Assignment: The range runs from the line containing "DG.MING Crazy Horse" to the last line of the entries. Restate those lines word for word, without the pictures.

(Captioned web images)

────

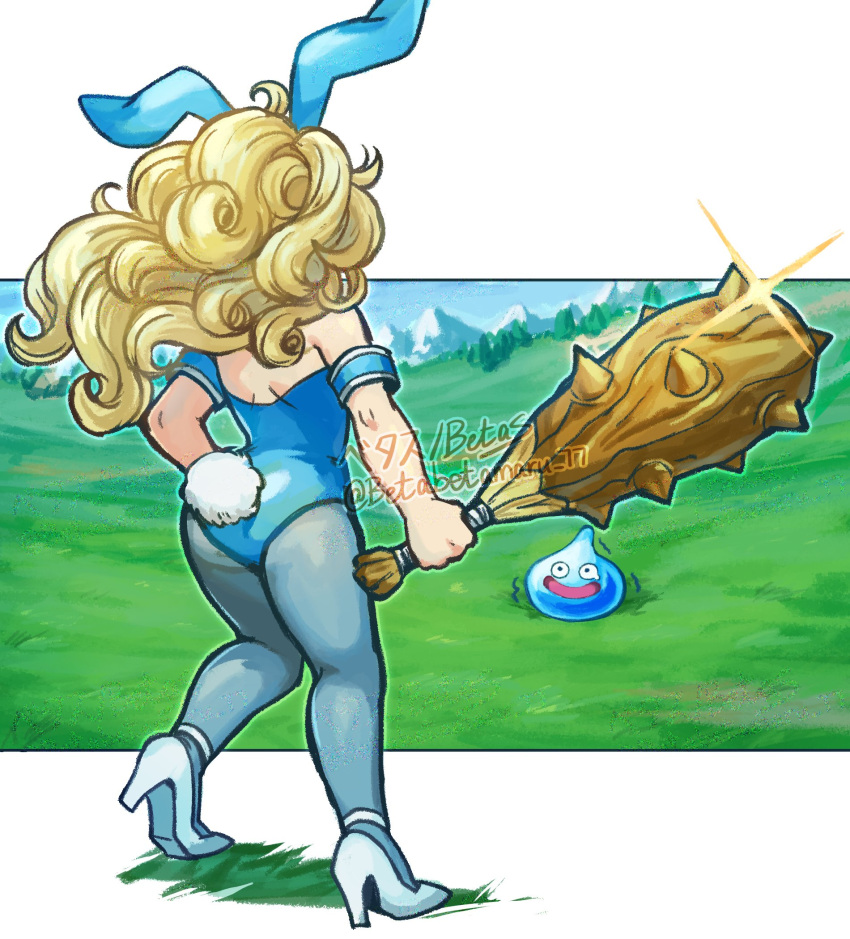 animal_ears ass betabetamaru blonde_hair blue_leotard blue_pantyhose club_(weapon) commentary_request curly_hair dragon_quest dragon_quest_iii fake_animal_ears fake_tail female glint high_heels highres holding holding_club holding_weapon jester_(dq3) leotard long_hair open_mouth outdoors pantyhose playboy_bunny rabbit_ears rabbit_tail scared slime_(dragon_quest) smile spiked_club tail trembling watermark weapon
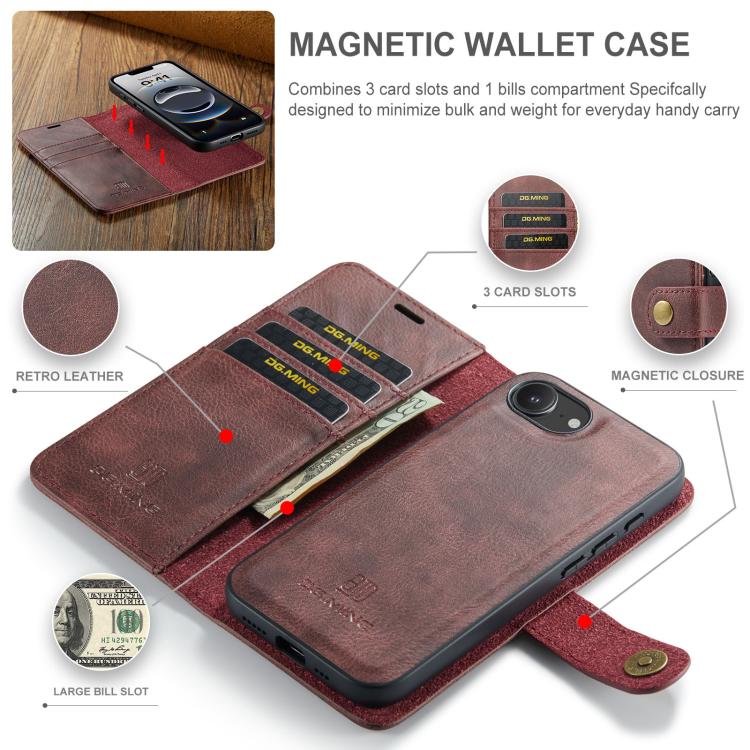 DG.MING Crazy Horse Texture Detachable Magnetic Leather Phone Case, For iPhone 17e / 16e, For iPhone 17 Pro Max, For iPhone 17 Pro, For iPhone 17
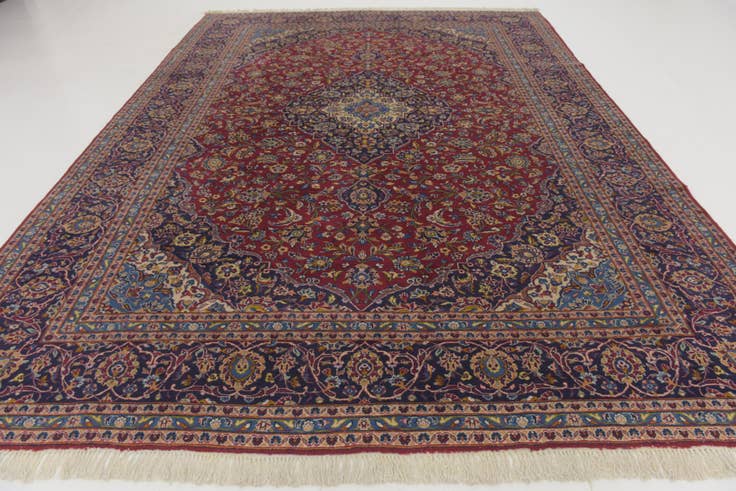 Detail image of 9' 9 x 13' 2 Hand Knotted Kashan Persian Wool Rug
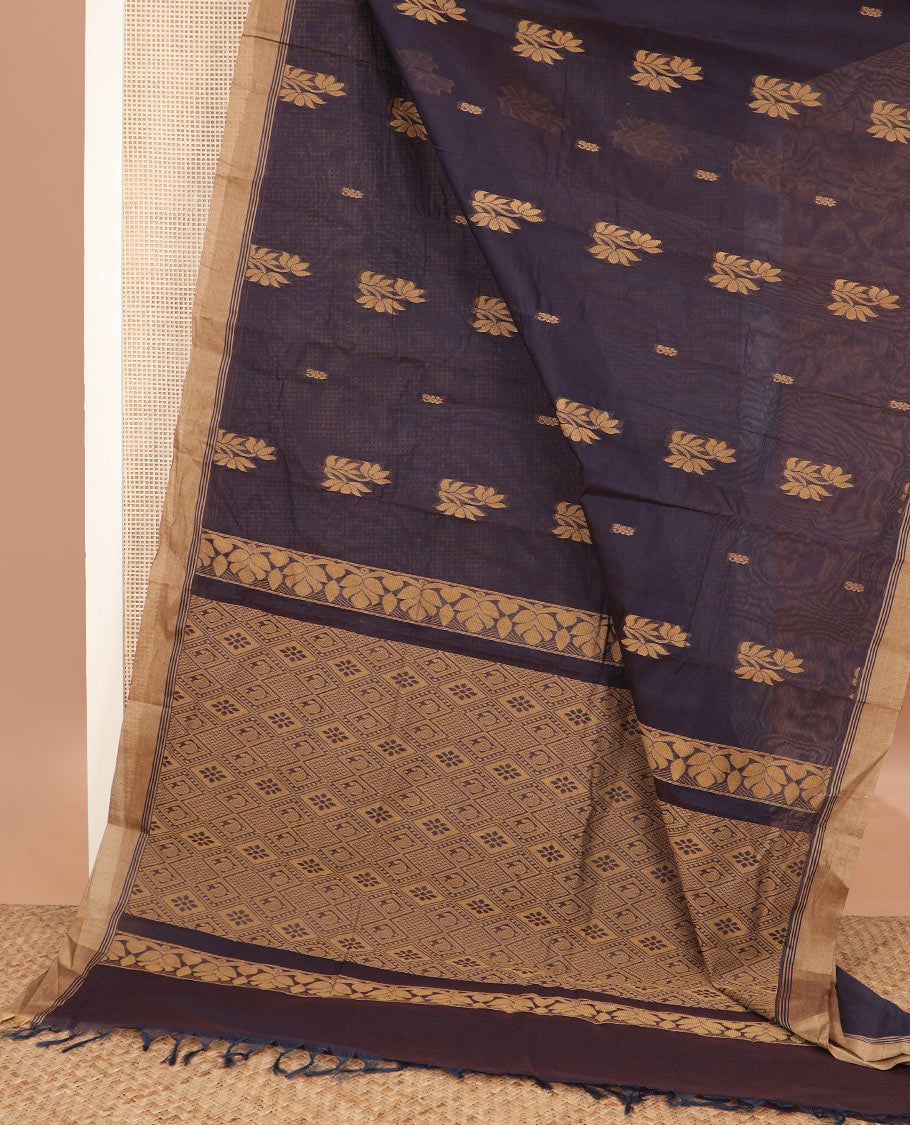 Blue floral buttas kanchi cotton saree, contrast border, and jaal pallu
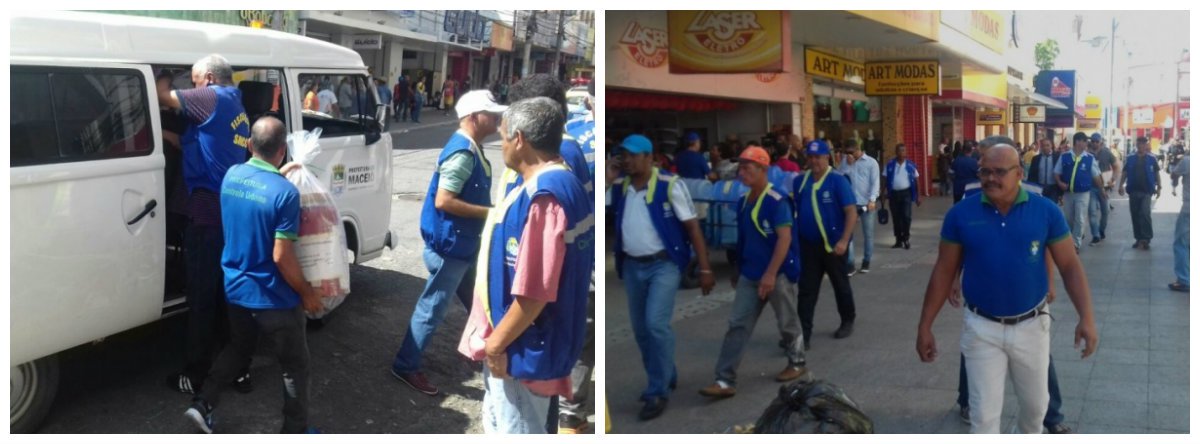Fiscais da Secretaria Municipal de Segurança Comunitária e Cidadania (SEMSCS) deflagraram uma operação de combate ao comércio ilegal de ambulantes no calçadão do comércio de Maceió; ação faz parte do projeto de regularização dos camelôs e conta com 150 fiscais da SEMSCS, além de agentes da Guarda Municipal, que fazem a segurança das equipes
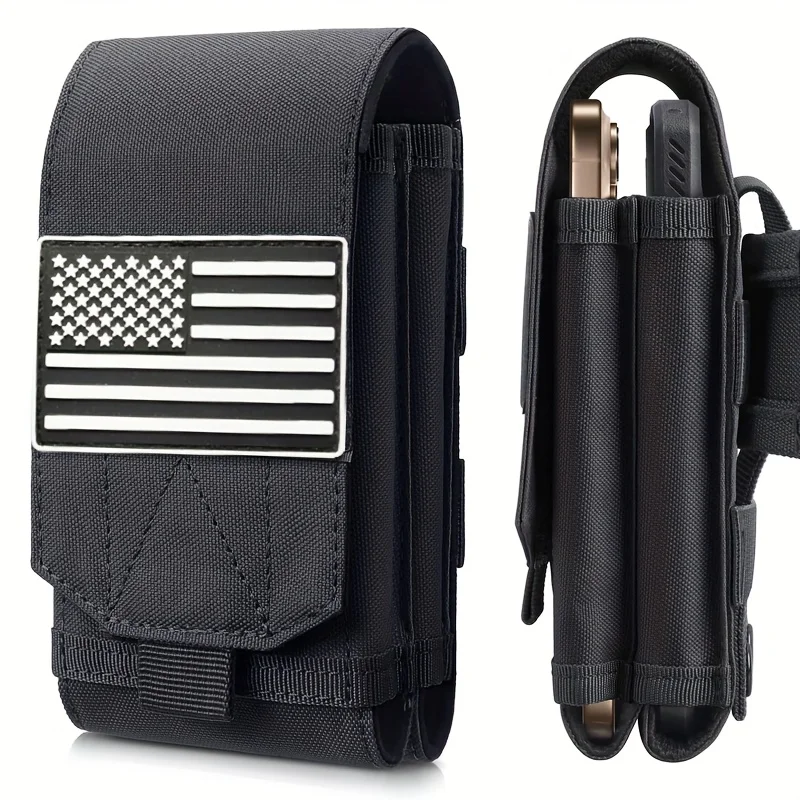 Schwarze Aufbewahrungstasche mit Klappe, Handytasche für große Bildschirme, Werkzeugtasche für die Taille, Münzbörse – Detail 2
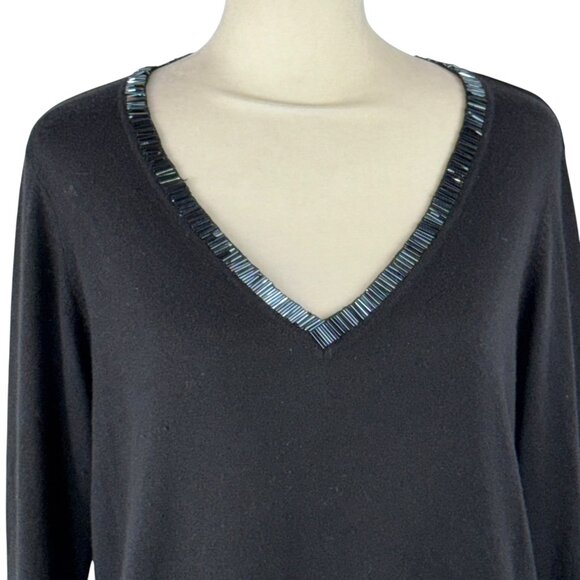 Pamela Dennis Private Client Group Silk & Cashmere V-neck Black Sweater Size M - Picture 7 of 9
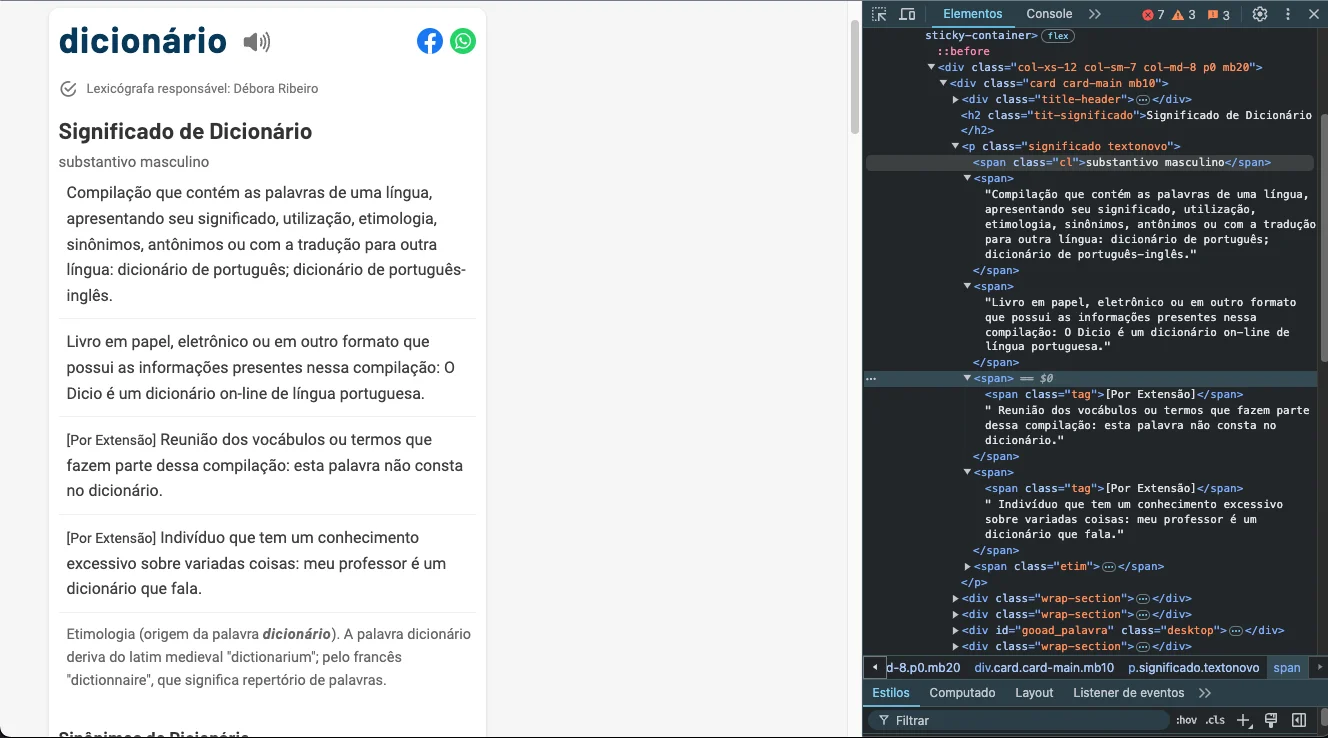 HTML of the meanings page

────

Answer for this exercise:
 DG.MING Crazy Horse Texture Detachable Magnetic Leather Phone Case, For iPhone 17e / 16e, For iPhone 17 Pro Max, For iPhone 17 Pro, For iPhone 17
 Detail image of 9' 9 x 13' 2 Hand Knotted Kashan Persian Wool Rug
 Blue floral buttas kanchi cotton saree, contrast border, and jaal pallu
Fiscais da Secretaria Municipal de Segurança Comunitária e Cidadania (SEMSCS) deflagraram uma operação de combate ao comércio ilegal de ambulantes no calçadão do comércio de Maceió; ação faz parte do projeto de regularização dos camelôs e conta com 150 fiscais da SEMSCS, além de agentes da Guarda Municipal, que fazem a segurança das equipes
 Schwarze Aufbewahrungstasche mit Klappe, Handytasche für große Bildschirme, Werkzeugtasche für die Taille, Münzbörse – Detail 2
 Pamela Dennis Private Client Group Silk & Cashmere V-neck Black Sweater Size M - Picture 7 of 9
 HTML of the meanings page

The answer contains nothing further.